“One of the most dramatic episodes Mark Tooley captures is the news of the earlier than expected arrival of the President-elect in the Willard Hotel. The news is brought in a message to one of Virginia’s leading delegates, James Seddon. Seddon will soon find service in Richmond as the Confederacy’s Secretary of War.”
Thucydides begins his immortal Peloponnesian War with the embassies of rival city-states of Corinth and Corcyra addressing the Athenian assembly, each side making its case for an alliance. The father of history tells us candidly that of all the speeches he records in his epic study of the war that ensues between Athens and Sparta, many are those he has only heard about. He posits the addresses of envoys by what he believes the rational actor would have said given the circumstances.
Author Mark Tooley has a decided advantage over Thucydides: He has the written records of the month-long Washington Peace Conference of 1861. All the participants in this gathering at the Willard Hotel were deeply aware that this was the last best hope to avert civil war. Tooley references speech after speech of delegates North and South and, significantly, delegates from states that regarded themselves as Western or Border states.

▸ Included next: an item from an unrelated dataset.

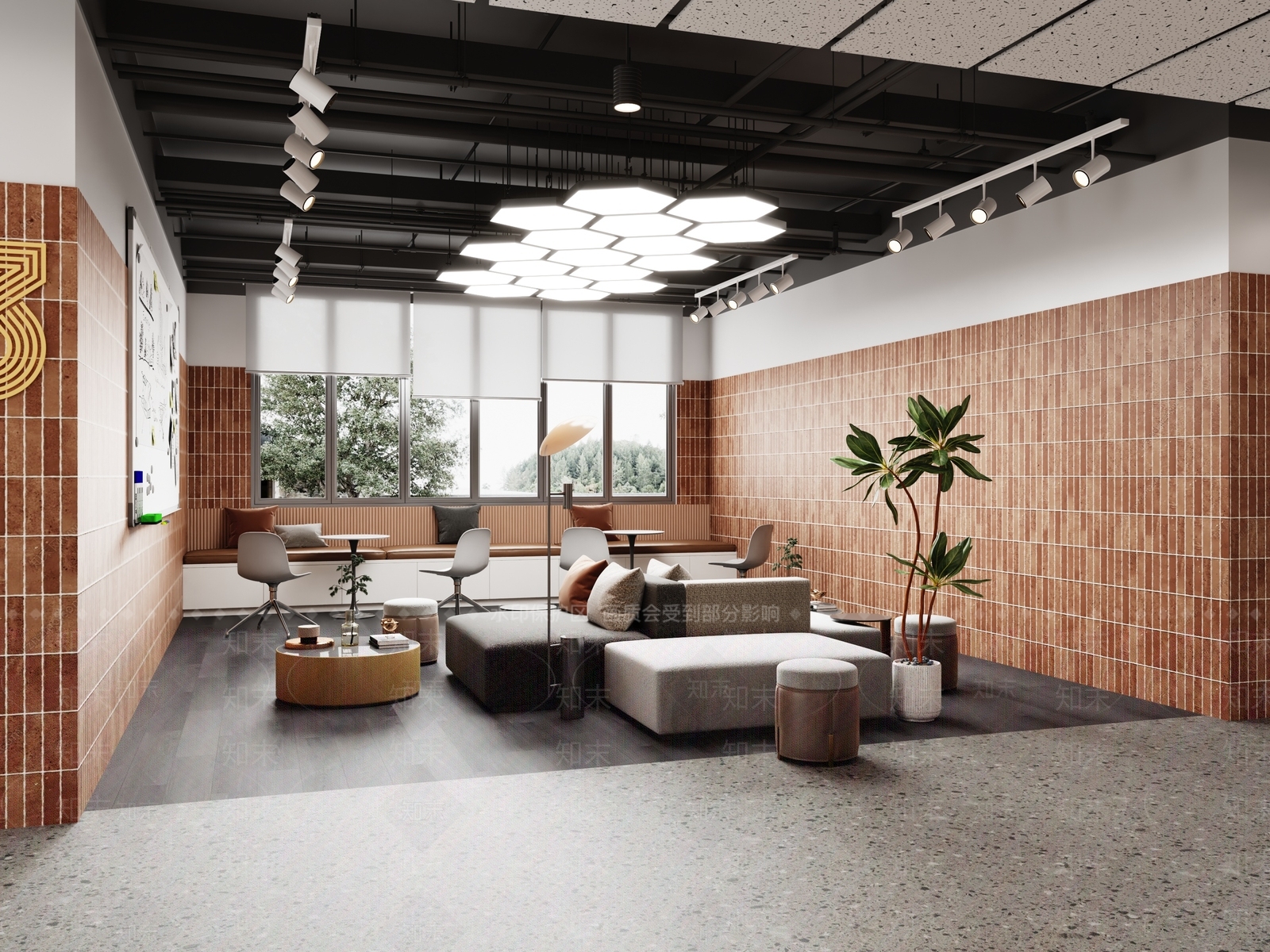 现代休息区SU模型下载【ID:1189664745】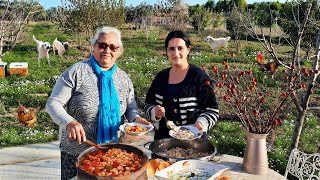 Baked Beans and Rice in the Village  Village Life [upl. by Hceicjow]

Mark Tooley is well suited to write this groundbreaking book. His long time service in Washington, in and out of government, give him a sense of the interplay of the political and social forces at work then as now. Also, as President of the Institute on Religion and Democracy (IRD), Tooley understands the significant role played by the clergy of the capital city. Too many of our purely secular historians leave out this needed dimension in understanding our nation’s past.
Virtually every one of the men in Tooley’s book is keenly conscious of the precipice yawning before the assembled “Old Gentlemen.” Yes, they are mostly elderly. They have chosen former President John Tyler as their chairman. Tyler is accompanied by his much younger wife, Julia Gardner Tyler. This book gives merited attention to the women’s ideas and experiences.
The vivacious Mrs. Tyler is clearly in her element, glad to be back in Washington after sixteen years. She hails from a distinguished New York family. But her sympathies are all with the slaveholding South.
The delegates know that Secessionists have already sought to sever seven states from the Union. Virginia and North Carolina seem on the verge of leaving. What have they come to discuss? The remaining Slave States want guarantees that their “peculiar institution” of slavery will be protected by the incoming Republican administration. They demand the right to take their slave “property” into the national territories. They want, in short, President-elect Lincoln to disavow the Chicago Platform on which he was elected and give in to their demands.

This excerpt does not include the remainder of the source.